Good for you! You did look at little freaked at first ;-) but you sure looked like you had a good time at it. 

The first time I ever took a bite with a sleeve when I joined our SchH club I have to admit it was pretty intimidating. It IS addicting though...


----------



## Bob Scott (Mar 30, 2006)

Looks like you had a great time.....but quit that dance thing or they'll be putting the dogs on you without the suit! :lol: :wink:


----------



## Joby Becker (Dec 13, 2009)

Bob Scott said:


> Looks like you had a great time.....but quit that dance thing or they'll be putting the dogs on you without the suit! :lol: :wink:


my thoughts exactly :mrgreen:


----------



## Mike Scheiber (Feb 17, 2008)

Yeah well ya gave the suite/pillow a try now its time to "Shout With The Devil"l and put on a Schutzhund arm and look the DEVIL in the eye.


----------



## Alison Grubb (Nov 18, 2009)

Good for you.
Keep with it. There's no rush in the world like it.


----------



## Nicole Stark (Jul 22, 2009)

Ha ha, your videos crack me up. Good watching your progression as well. The dancing was funny too.


----------



## Nicole Lit (Jan 21, 2009)

bob scott said:


> looks like you had a great time.....but quit that dance thing or they'll be putting the dogs on you without the suit! :lol: :wink:


roflmao


----------



## Harry Keely (Aug 26, 2009)

Pretty funny and entertaining if I do say so myself, and good for you without young decoys coming up the ropes there wont be a future agression control for working dogs, keep up the good work and always keep a smile and enjoyment in what you do. Pride gos along way with working dogs, but make sure you cut it off before your head swells, other than that you looked happy in doing it for your first time after a few secs.

Also being up in the New England area see who and how to get up with some of the differing clubs up there, theres a strong bunch of clubs in the north east.


----------



## Shane Gokey (Jan 13, 2011)

Thanks everyone I appreciate the positive feedback!


----------



## Pete Stevens (Dec 16, 2010)

Nice!
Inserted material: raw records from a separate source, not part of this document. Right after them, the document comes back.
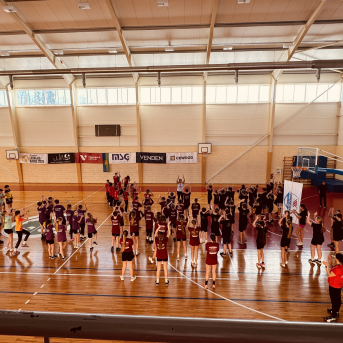 Sporto visa klase sacensības 6.klasēm Sējas skolā - 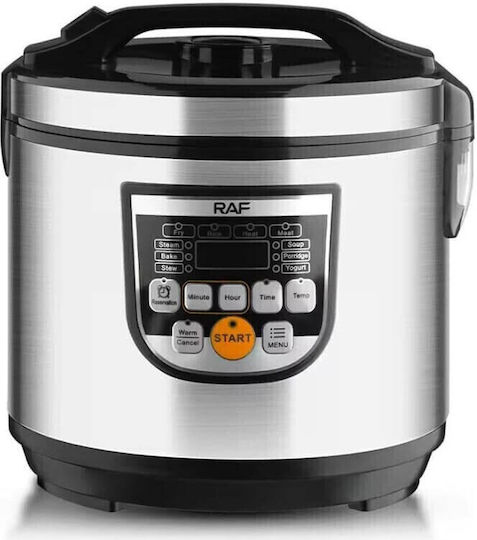Raf Rice Cooker 900W με Χωρητικότητα 5lt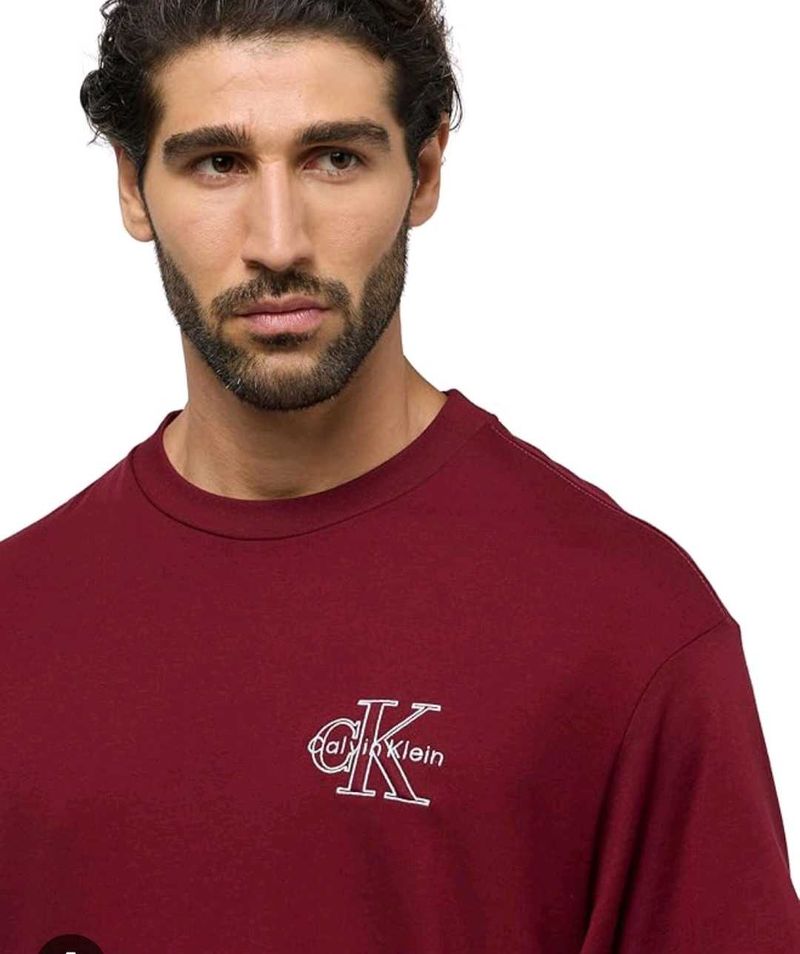 CK Maroon Sweatshirt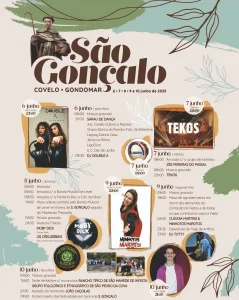Festas de São Gonçalo 2025 - Gondomar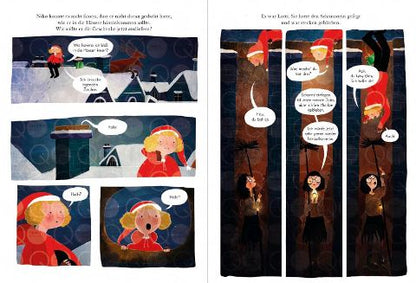 Die Weihnachtskinder und der magische Spielzeugladen wunderschöne Weihnachtsgeschichte über Nächstenliebe und die Idee des Schenkens │ das perfekte Weihnachtsgeschenk für Kinder ab 4 Jahre von David Litchfield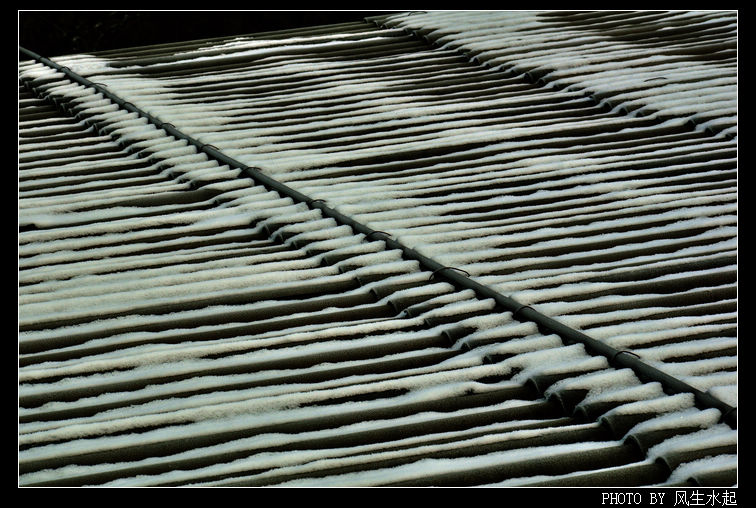 2011陕北雪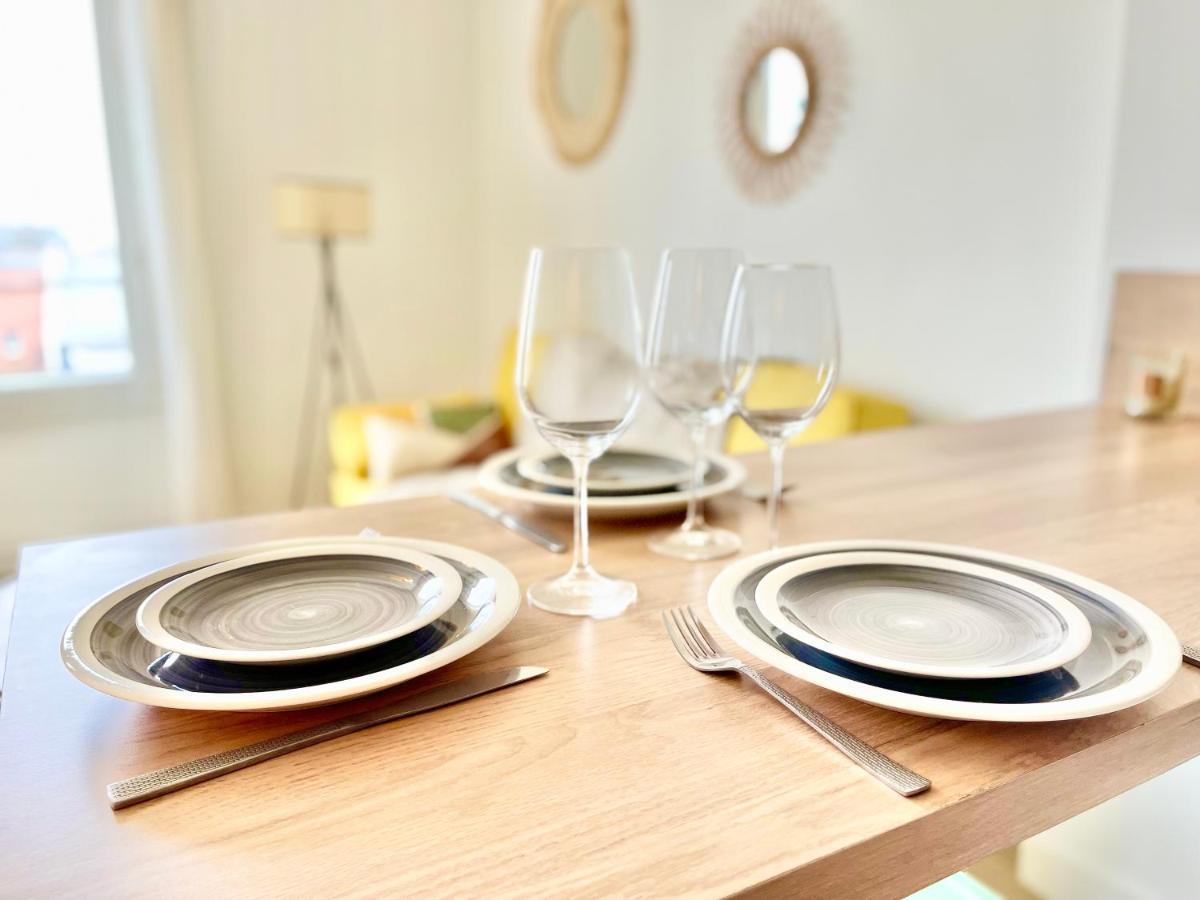 Brest - Le Gestin - Appartements - Lumineux - Tout Confort - Fibre Internet Bagian luar foto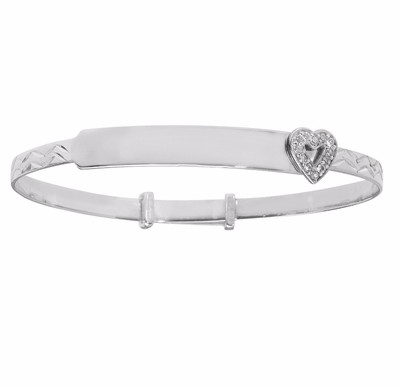 childrens christening bangle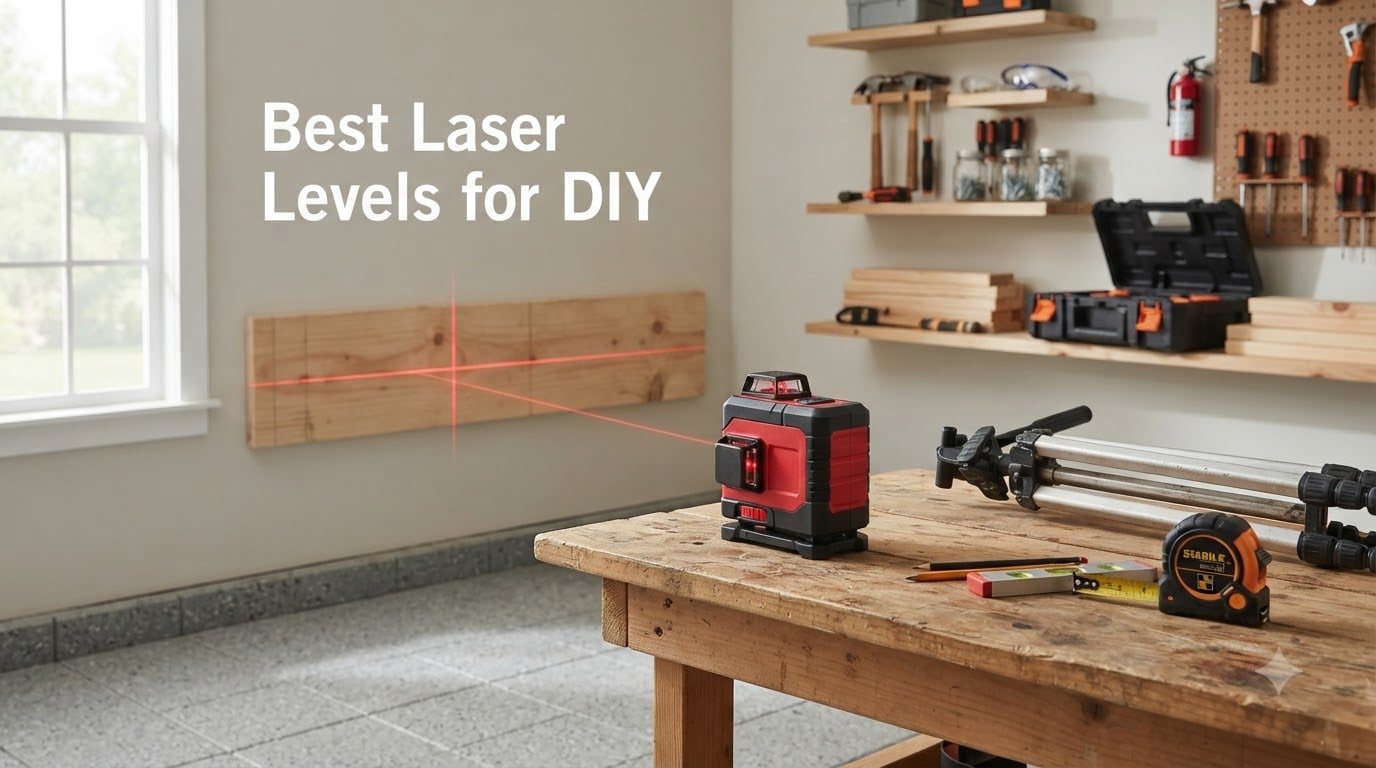 Best Laser Levels for DIY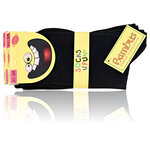 Bambus Kindersocken schwarz - 3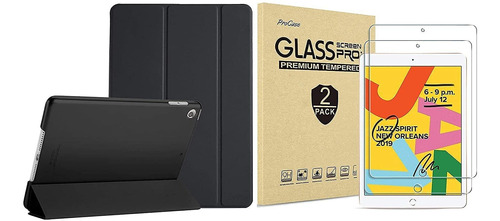 Funda De iPad 10.2 (7a Gen) Procase Con Protector Pantalla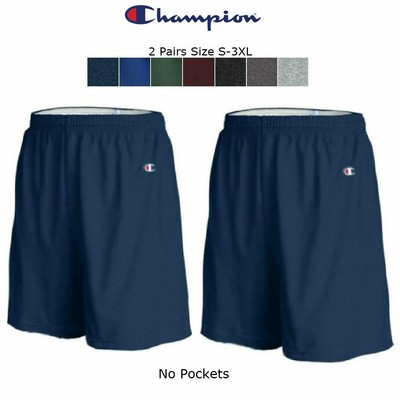 champion men's gym shorts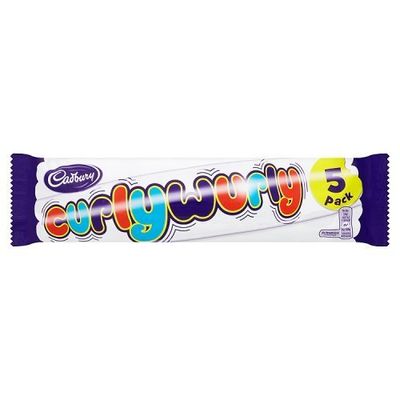 Cadbury Curly Wurly Bar (Pack of 6)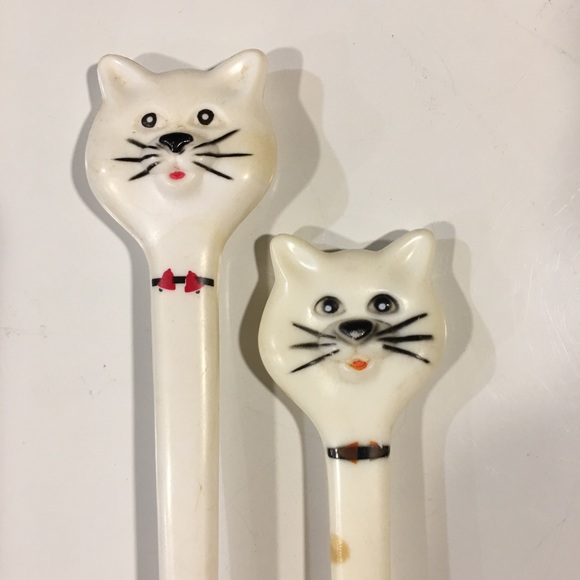Vintage Cat Sporks - Picture 3 of 5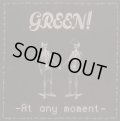 green! / at any moment (cd) Straight up 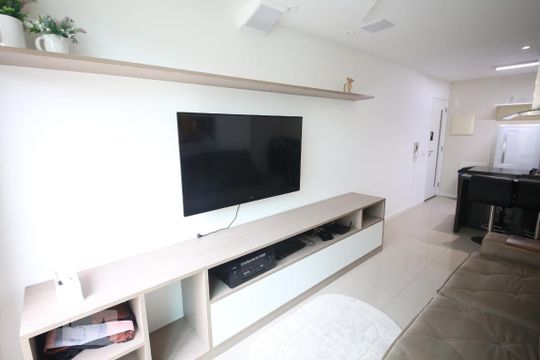 Sala de apartamento à venda com 2 quartos, 98m² em São Francisco, Niterói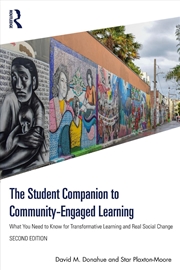 Buy The Student Companion to Community-Engaged Learning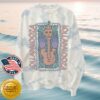 Lollapalooza Merch Store Skeleguitar Lineup Crewneck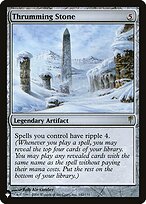 Thrumming Stone #CSP-142
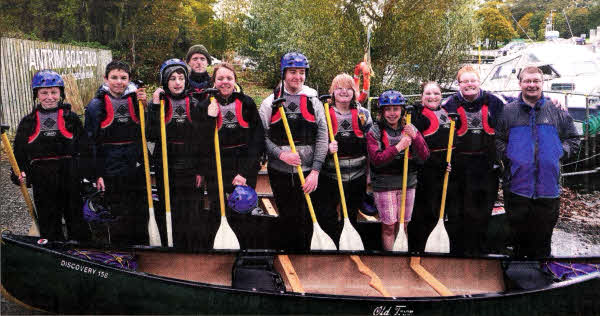 The ten new recruits into the Lisburn Sea Cadets who have successfully completed their New Entry Part One Training at the recently reopened unit based at the rear of the Bridge Community Centre in Lisburn.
Just remember its just a matter of time before you get bit...3 kinds of people in this wonderful K9 world; those who will be bit, those who have been bit, and.....those who will be bit again! You already started to relax some and have fun, but be careful with those hands on a leg bite.


----------



## Stacy Moseley (Jan 22, 2011)

Nice video man. I hopefully will take my first bite next tuesday. Any advice you can give.


----------



## Pete Stevens (Dec 16, 2010)

Video your first bite.....I wish I had video of mine but that was in a parking lot of a police station many moons ago. Oh yeah- have fun and listen to the trainer.


----------



## Shane Gokey (Jan 13, 2011)

Stacy Moseley said:


> Nice video man. I hopefully will take my first bite next tuesday. Any advice you can give.


Just don't let the nerves get the best of you, I was pretty scared. Once I did it they had to force me to take off the suite.


----------



## Thomas Barriano (Mar 27, 2006)

Stacy Moseley said:


> Nice video man. I hopefully will take my first bite next tuesday. Any advice you can give.


NO Dance steps


----------



## Joby Becker (Dec 13, 2009)

Thomas Barriano said:


> NO Dance steps


+1


----------



## Gerry Grimwood (Apr 2, 2007)

@59 seconds :lol:

http://www.youtube.com/watch?v=otCpCn0l4Wo


----------



## Shane Gokey (Jan 13, 2011)

Gerry Grimwood said:


> @59 seconds :lol:
> 
> http://www.youtube.com/watch?v=otCpCn0l4Wo


Haha at least somebody got it, It was the first thing that popped into my head when I put the pants on..


----------



## Julie Blanding (Mar 12, 2008)

Can't touch this! 

Nice work!! Looks like your going to have A LOT of fun.
Some of those leg bites can really hurt..  Upper thigh bitters anyone?

Julie


----------



## Edmond Kan (Jul 17, 2008)

Make sure you get a 'private area' protector - especially when doing leg bites.

Manhood is required before, during and after training.


----------